- **WHAT YOU HAVE TO DO**
Transcribe every line of the material below exactly, leaving out the pictures.

╭─ DATA BELOW

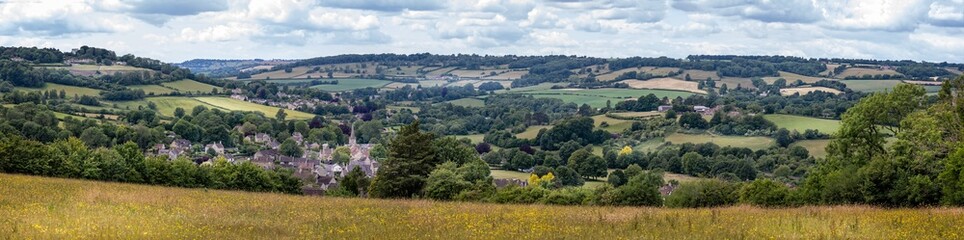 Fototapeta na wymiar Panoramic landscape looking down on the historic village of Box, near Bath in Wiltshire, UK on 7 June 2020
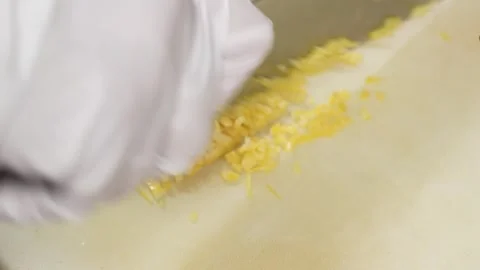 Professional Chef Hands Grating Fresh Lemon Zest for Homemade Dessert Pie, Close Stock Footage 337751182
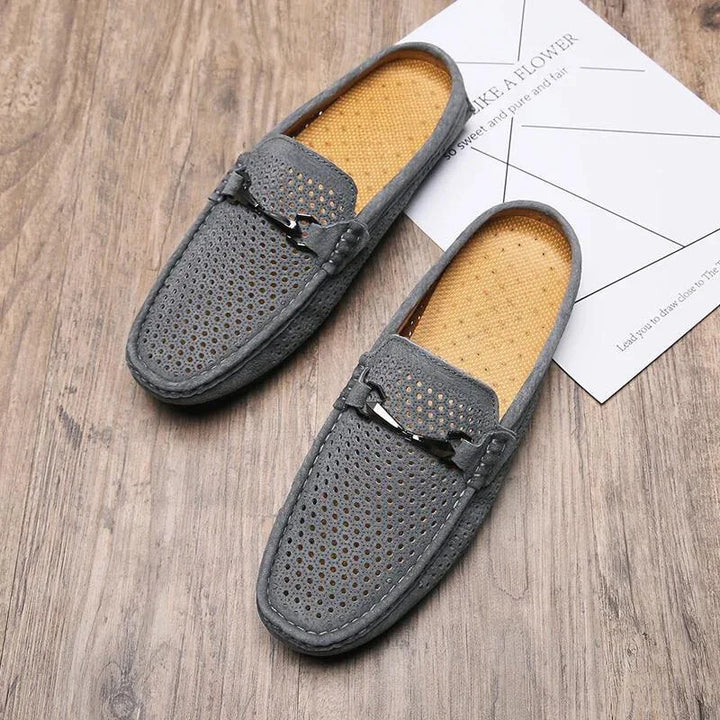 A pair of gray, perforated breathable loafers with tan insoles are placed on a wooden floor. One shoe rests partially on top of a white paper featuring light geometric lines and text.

╰─

- **EXERCISE SOLUTION**
 Fototapeta na wymiar Panoramic landscape looking down on the historic village of Box, near Bath in Wiltshire, UK on 7 June 2020
 Professional Chef Hands Grating Fresh Lemon Zest for Homemade Dessert Pie, Close Stock Footage 337751182
 A pair of gray, perforated breathable loafers with tan insoles are placed on a wooden floor. One shoe rests partially on top of a white paper featuring light geometric lines and text.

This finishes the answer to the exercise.